In my part of the state, you can feel the influence of the evangelical right, like oppressive humidity, with every breath. Interestingly enough, once the sky got big, I drove about three hundred miles and only saw signs for Catholic and mainline Protestant churches (Methodist and Disciples of Christ, predominantly; working hypothesis? These faiths are fairly prominent in major ranching families). I saw a couple of “Bible Churches” just before I crossed into New Mexico. This probably means nothing, and was a function of the roads I took (literally, in this case - highways 287 and 87), but still.
On a related note: Dairy Queen seems to be losing some ground to Sonic. Native Texans know this is HUGE.
It’s jarring to see brick veneer subdivisions, so common in NoCenTex, sitting in the middle of treeless plains. The ones out here are usually about ten houses rather than 100. I have friends who are builders, and such houses can be built to last forever, but many aren’t. In contrast are the old houses, both in town and off the road, be they rock, brick, stucco or wood. They’ve gone nowhere for over 100 years. Even the abandoned ones, missing roofs, have walls that still stand true. And to think how those houses were built, especially the farmhouses, in community rather than by corporation, gives rise to naïve but wistful thought.
Other culture clashes?
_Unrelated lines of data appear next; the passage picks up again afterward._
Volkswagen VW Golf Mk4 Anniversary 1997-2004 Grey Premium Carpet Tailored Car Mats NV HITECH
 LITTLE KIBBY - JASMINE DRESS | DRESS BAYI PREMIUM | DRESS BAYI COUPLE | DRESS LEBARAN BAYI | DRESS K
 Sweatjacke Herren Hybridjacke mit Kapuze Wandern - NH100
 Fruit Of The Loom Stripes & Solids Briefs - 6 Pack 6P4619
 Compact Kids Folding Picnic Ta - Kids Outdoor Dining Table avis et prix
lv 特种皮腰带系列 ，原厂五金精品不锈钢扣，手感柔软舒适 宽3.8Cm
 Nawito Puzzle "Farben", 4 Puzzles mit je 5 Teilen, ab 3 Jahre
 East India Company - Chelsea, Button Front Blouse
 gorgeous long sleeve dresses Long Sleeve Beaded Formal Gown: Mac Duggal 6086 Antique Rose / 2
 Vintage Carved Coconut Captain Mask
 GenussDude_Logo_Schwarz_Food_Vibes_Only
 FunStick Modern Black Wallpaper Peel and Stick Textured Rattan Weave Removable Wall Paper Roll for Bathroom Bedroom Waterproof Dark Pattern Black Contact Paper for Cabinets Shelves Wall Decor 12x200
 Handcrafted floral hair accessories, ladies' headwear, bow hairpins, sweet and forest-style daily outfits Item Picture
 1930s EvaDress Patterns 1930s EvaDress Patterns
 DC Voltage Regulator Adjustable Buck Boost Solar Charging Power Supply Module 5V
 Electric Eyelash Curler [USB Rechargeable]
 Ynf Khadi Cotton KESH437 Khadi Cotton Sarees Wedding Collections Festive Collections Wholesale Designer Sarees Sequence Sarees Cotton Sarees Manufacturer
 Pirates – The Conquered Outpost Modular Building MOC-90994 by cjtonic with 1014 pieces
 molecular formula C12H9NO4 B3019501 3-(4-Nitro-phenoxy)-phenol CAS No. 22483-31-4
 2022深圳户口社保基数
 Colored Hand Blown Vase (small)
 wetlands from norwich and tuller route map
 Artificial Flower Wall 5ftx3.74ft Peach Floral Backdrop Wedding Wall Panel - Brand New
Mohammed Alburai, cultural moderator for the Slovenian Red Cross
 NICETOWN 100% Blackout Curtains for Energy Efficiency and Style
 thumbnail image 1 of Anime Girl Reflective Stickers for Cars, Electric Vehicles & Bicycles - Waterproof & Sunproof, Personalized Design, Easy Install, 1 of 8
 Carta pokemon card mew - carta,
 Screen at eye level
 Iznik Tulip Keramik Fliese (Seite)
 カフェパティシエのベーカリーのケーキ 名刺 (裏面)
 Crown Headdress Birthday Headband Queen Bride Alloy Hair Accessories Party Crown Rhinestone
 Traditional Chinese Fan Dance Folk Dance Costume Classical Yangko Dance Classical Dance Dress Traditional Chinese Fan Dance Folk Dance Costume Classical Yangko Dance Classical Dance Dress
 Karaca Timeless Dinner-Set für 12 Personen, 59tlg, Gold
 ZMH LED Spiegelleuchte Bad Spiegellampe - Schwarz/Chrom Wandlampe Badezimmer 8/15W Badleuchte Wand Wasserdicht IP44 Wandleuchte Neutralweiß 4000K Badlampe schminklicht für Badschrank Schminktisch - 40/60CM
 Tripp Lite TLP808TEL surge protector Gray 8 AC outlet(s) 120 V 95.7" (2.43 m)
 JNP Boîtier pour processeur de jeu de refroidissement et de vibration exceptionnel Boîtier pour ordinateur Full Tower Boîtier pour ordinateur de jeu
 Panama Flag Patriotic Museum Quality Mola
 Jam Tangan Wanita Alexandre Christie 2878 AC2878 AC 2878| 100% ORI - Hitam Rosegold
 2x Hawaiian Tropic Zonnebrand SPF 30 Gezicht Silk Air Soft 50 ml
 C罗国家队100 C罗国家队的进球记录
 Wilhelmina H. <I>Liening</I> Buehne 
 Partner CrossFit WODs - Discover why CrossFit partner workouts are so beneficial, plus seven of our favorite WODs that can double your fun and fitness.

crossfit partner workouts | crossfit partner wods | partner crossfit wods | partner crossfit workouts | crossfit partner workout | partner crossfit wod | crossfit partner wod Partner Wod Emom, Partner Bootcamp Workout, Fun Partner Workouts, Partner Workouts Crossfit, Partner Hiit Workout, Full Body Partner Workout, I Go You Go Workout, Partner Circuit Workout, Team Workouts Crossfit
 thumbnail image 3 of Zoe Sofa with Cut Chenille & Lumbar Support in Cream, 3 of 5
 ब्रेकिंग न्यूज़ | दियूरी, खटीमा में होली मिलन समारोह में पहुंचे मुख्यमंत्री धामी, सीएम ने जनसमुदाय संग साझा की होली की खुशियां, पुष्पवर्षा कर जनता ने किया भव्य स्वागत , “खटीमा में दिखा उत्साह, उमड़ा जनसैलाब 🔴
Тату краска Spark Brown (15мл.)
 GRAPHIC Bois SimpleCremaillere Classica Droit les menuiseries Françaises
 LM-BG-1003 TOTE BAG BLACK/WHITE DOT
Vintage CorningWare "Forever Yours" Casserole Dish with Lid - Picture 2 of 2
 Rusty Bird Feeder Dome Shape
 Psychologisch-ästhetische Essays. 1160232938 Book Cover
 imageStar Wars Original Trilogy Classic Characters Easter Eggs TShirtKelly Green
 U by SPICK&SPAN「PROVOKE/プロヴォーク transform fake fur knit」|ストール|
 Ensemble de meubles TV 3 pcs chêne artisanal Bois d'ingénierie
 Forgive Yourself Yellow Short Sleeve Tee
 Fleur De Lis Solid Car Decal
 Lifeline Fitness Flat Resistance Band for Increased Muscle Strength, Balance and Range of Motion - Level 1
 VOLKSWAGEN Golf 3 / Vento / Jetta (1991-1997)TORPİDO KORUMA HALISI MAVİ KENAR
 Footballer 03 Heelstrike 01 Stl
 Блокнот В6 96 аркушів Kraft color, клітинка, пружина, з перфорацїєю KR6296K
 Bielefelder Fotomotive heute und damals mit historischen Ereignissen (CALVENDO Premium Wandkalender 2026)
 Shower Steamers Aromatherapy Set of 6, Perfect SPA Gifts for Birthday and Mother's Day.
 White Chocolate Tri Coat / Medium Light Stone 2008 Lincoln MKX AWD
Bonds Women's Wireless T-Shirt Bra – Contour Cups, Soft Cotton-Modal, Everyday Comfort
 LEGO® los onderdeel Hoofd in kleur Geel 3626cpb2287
A windmill, probably from the early part of the 20th century, still turning away on one side of the road, and a cell phone tower on the other. Motels from the 40s and 50s, some loudly proclaiming themselves “American Owned,” others offering Thai food. Yam Woon Sen in the Panhandle? This is new since my last pass through.
The visual contrasts in the topography can take your breath away. In the area near Amarillo where they collect helium, little hillocks pop up like balloons. There’s nothing like coming down off the caprock and seeing the dropoff in your rearview mirror. At Dumas, things shift again. Everyone thinks the panhandle is flat, but it’s not. Even when it looks flat, it shapes subtly; sometimes it mirrors the voluptuous rolls of a Rubens nude, other times the almost imperceptible curve of a child’s forearm.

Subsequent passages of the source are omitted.